Covilhã, 3 de Agosto de 1969
Meu querido Odylo,
Acho que você está criando um grande problema aos eruditos que tratarem da
publicação de. nossa correspondência póstuma.Eles terão que intitular "Cartas de
António Alçada Baptista a Odylo Costa,filho não respondidas pelo mesmo". Ora isto
não é titulo que se deseje nem é bonito passar assim à história da literatura.
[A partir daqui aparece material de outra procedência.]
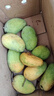 京喜加海南臺芒新鮮芒果生鮮水果時(shí)令鮮果 凈重5斤60+ 曬單實(shí)拍圖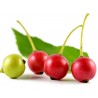 Price: €1.95 - Graines de Jamaican Cherry (Muntingia calabura) - 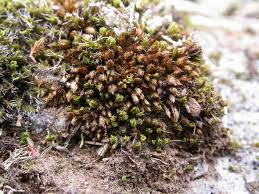 Attēlu rezultāti vaicājumam “Bryum funkii”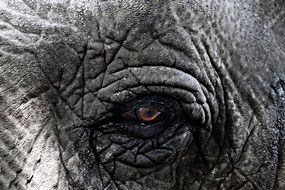 photo of the eyes of an african elephant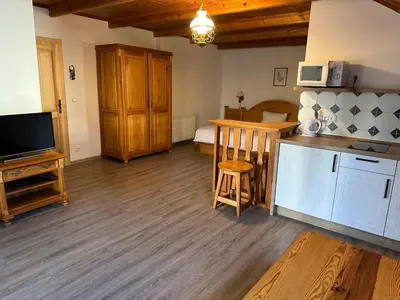 a room with a kitchen and a living room at Penzion Linhart in Poděbrady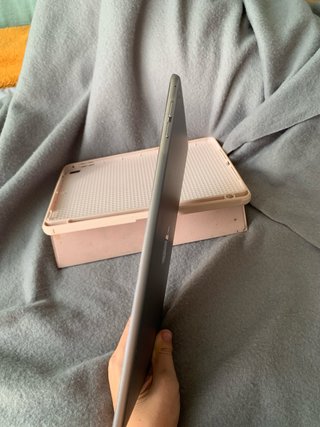 iPad Air 2 Rosa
5. António Alçada Baptista
Nascido na Covilhã, estudou num colégio de Jesuítas em Santo Tirso. Licenciado em Direito,
dirigiu a revista O Tempo e o Modo (de 1963 até 1969) e foi presidente do Instituto Português
do Livro. Traduziu Jorge Luis Borges e Jacques Maritain, tendo colaborado em vários
periódicos (A Capital e O Semanário, por exemplo) com uma publicação regular de crónicas,
algumas das quais já reunidas em obras como O Tempo nas Palavras.
Oficial da Ordem de Santiago, recebeu, das mãos de Ramalho Eanes, a Ordem Militar de Cristo,
em 1983, e a Grã-Cruz da Ordem do Infante entregue por Mário Soares, em 1995.
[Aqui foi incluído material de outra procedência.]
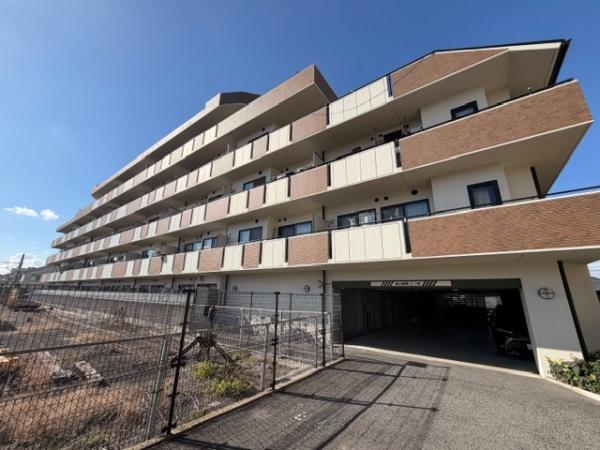 ���̑����n �o���R�j�[���̊O��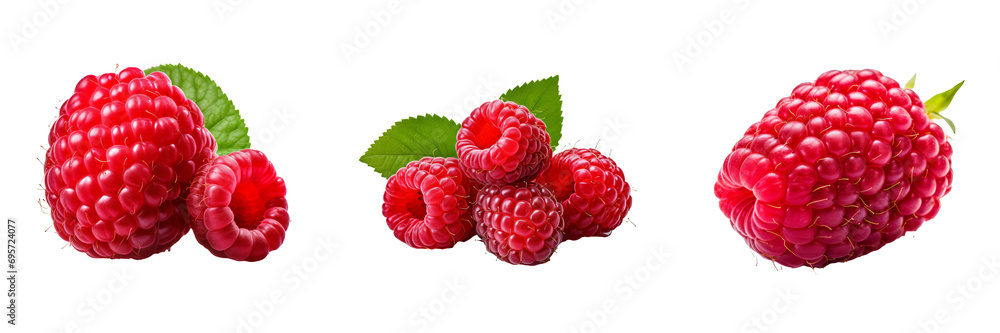 Poster vibrant raspberry set: refreshing full body on transparent background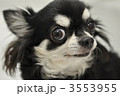3553955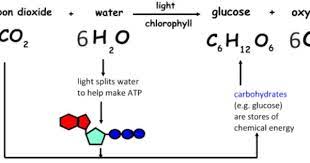 Chemical Formula For Photosynthesis Photosynthesis Chemical Energy Chemical Formula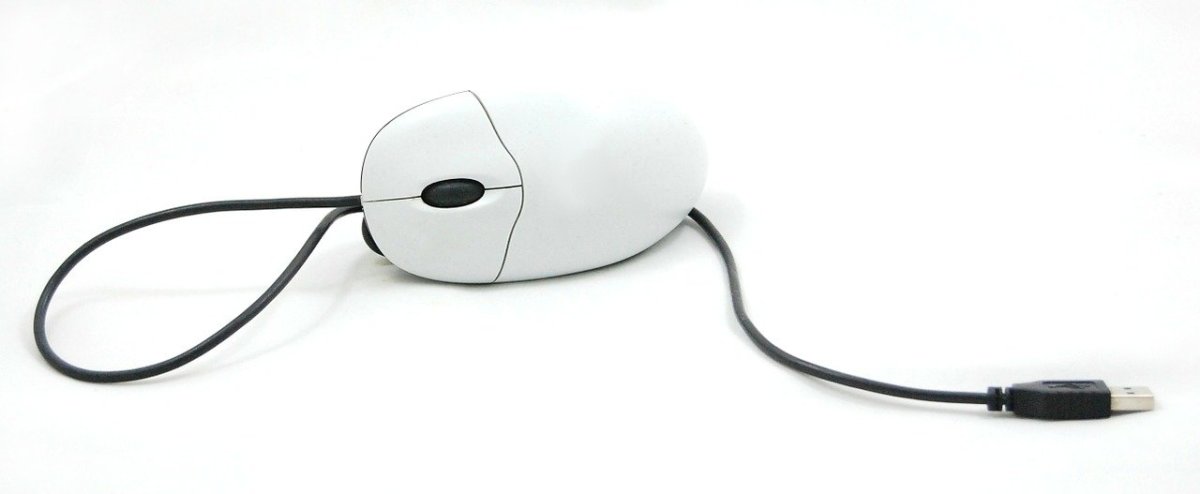 which-connector-on-the-back-of-a-computer-is-used-to-attach-a-mouse-to-a-modern-pc-system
A sua obra literária, repartida entre a ficção e o ensaio de memórias pessoais e coletivas (com
destaque para os dois volumes de Peregrinação Interior), funda-se num princípio unificador: o
da busca de uma unidade interior que seja a razão para que, na sociedade contemporânea
portuguesa, "certas coisas aconteçam sem que eu saiba como nem porquê e sem me darem em
troca nada de melhor" (cf. Peregrinação Interior I, p. 23). Entre a ficção e o ensaio, a escrita de
António Alçada Batista perturba pela capacidade de "perder um certo pudor" (ibi., p. 24), de
perder o espartilho vitoriano que corrige a libertação interior, que abafa as vozes dos afetos, e de
exprimir a reflexão cultural, filosófica, religiosa e social "com as gastas e cansadas palavras que
dão a cobertura habitual à banalidade imensa que é o bocado de existência que vai passando
pela nossa janela", despidas da "plumagem académica, dos lugares-comuns que são a medida
comum do intercâmbio dos homens" (ibi., p. 27).
Odylo Costa Filho (São Luís MA, 1914 - Rio de Janeiro RJ, 1979) formou-se bacharel pela
Faculdade de Direito em 1933, no Rio de Janeiro. Entre 1931 e 1965 foi fundador do seminário
Política e Letras, diretor dos jornais Tribuna de Imprensa, A Noite e Jornal do Brasil, das
revistas Senhor e O Cruzeiro, além de secretário da revista O Cruzeiro Internacional, repórter do
Jornal do Comércio e crítico literário do jornal Diário de Notícias, no qual criou a seção
Encontro Matinal. Em 1934 ocorreu a publicação de seu livro Graça Aranha e Outros Ensaios,
com o qual ganhou o Prêmio Ramos da Paz, concedido pela Academia Brasileira de Letras.
Entre 1954 e 1955 foi secretário de Imprensa da Presidência da República e superintendente das
empresas incorporadas ao patrimônio da União no governo de Café Filho. No final dos anos de
1960 foi adido cultural na embaixada brasileira de Lisboa (Portugal), diretor da revista
Realidade e redator na Editora Abril. Foi eleito membro da Academia Brasileira de Letras em
1969. Sua obra poética inclui os livros Alvoradas... (1929), Tempo de Lisboa e Outros Poemas
(1966), Cantiga Incompleta (1971), Os Bichos no Céu (1972), Notícias de Amor (1977), A Vida
de Nossa Senhora (1977) e Boca da Noite (1979). Odylo Costa Filho é poeta da terceira geração
do Modernismo; conviveu com Carlos Drummond de Andrade e Manuel Bandeira, segundo o
qual a poesia de Odylo tem “música de timbre próprio, de inefável doçura, sem melaço.”